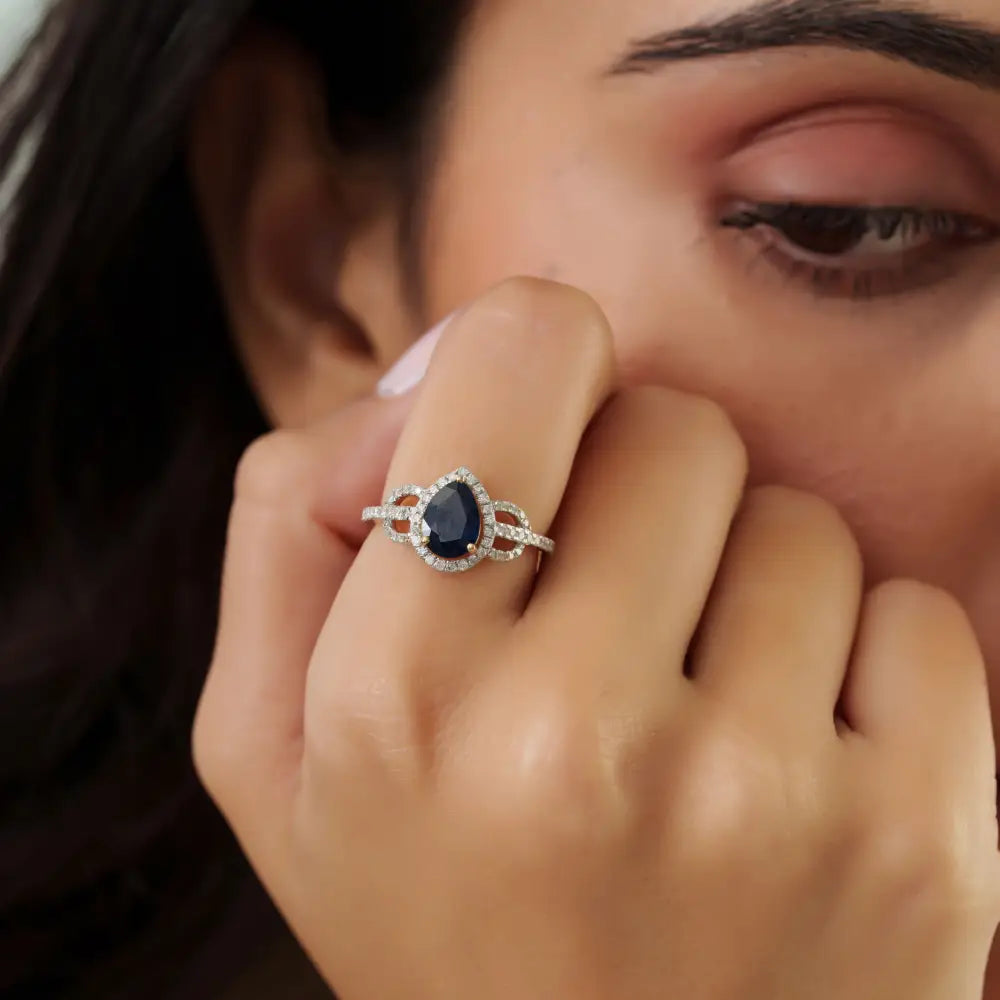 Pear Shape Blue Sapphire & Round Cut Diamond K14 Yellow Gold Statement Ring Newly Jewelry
---
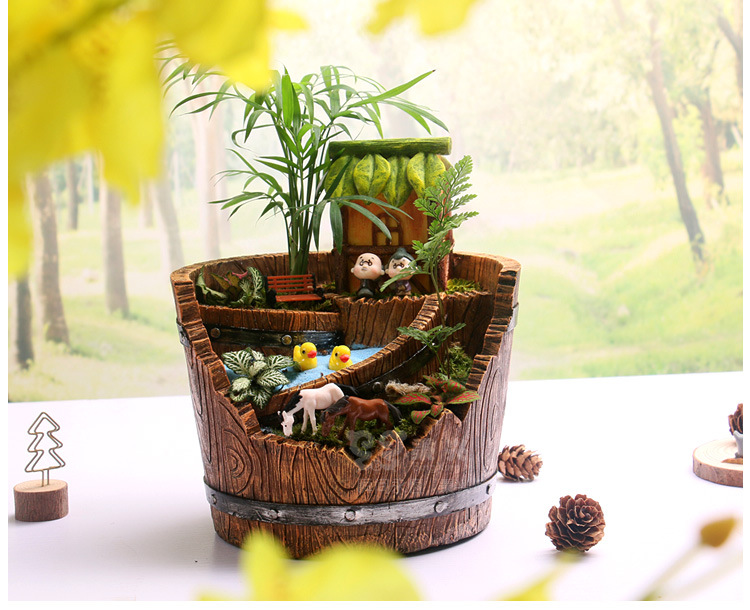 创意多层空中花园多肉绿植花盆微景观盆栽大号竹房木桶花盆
...
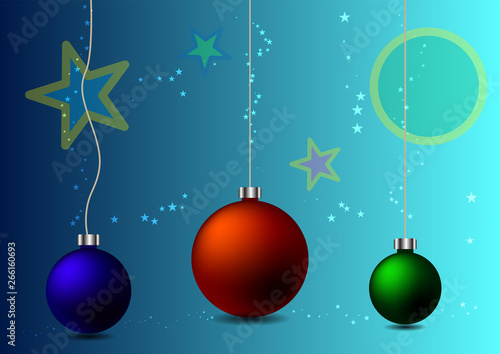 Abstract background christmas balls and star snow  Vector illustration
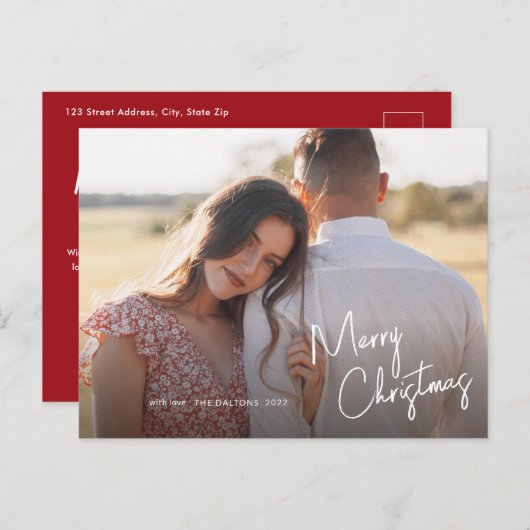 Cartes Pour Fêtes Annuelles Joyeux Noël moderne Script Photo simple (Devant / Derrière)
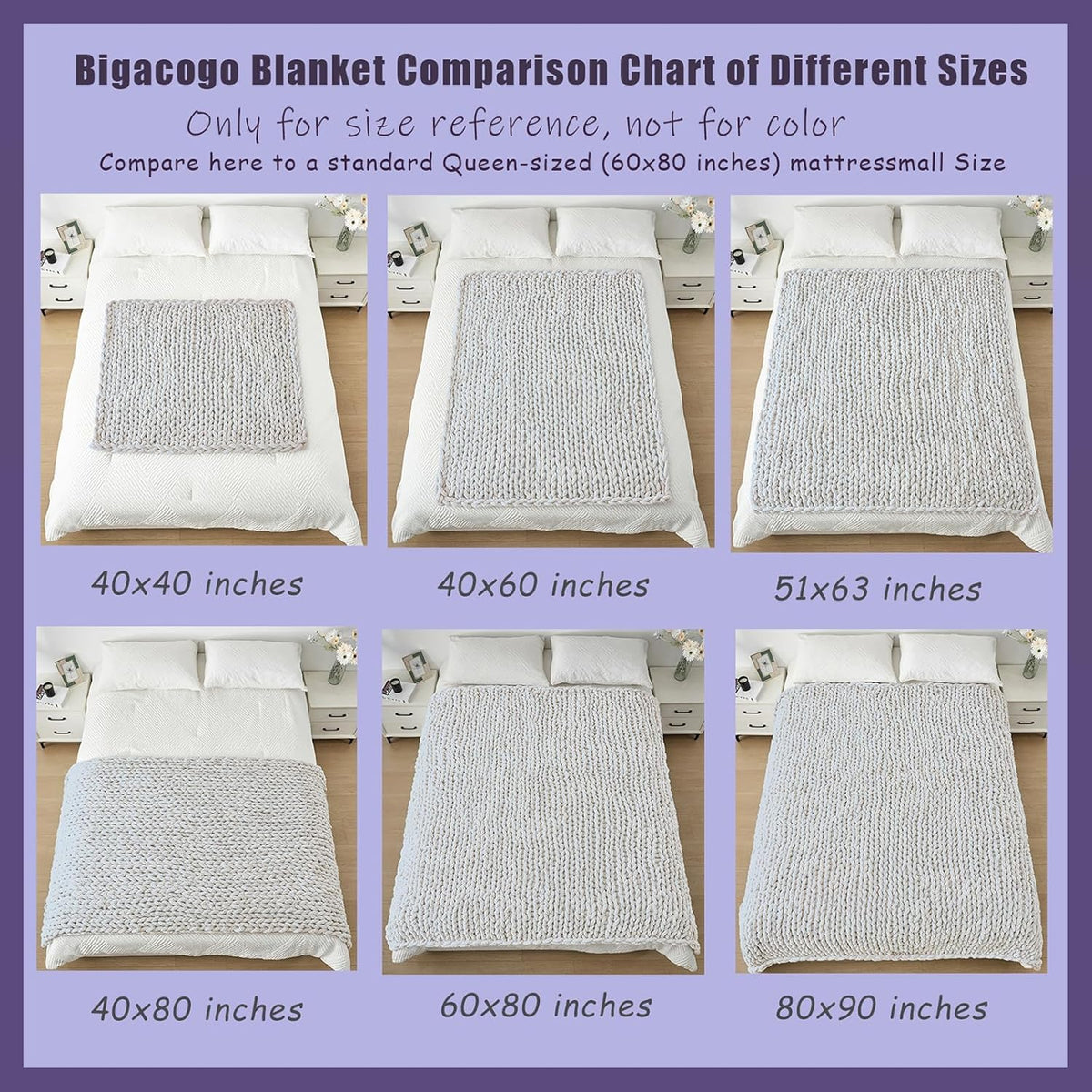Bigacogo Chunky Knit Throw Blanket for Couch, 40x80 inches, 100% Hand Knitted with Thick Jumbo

- Task brief: Above are the records; please give again, exactly and in full, only the lines that run from the line with "Cartes Pour Fêtes" through the line with "Bigacogo Chunky Knit", with no pictures.

- Solved problem:
 Cartes Pour Fêtes Annuelles Joyeux Noël moderne Script Photo simple (Devant / Derrière)
Bigacogo Chunky Knit Throw Blanket for Couch, 40x80 inches, 100% Hand Knitted with Thick Jumbo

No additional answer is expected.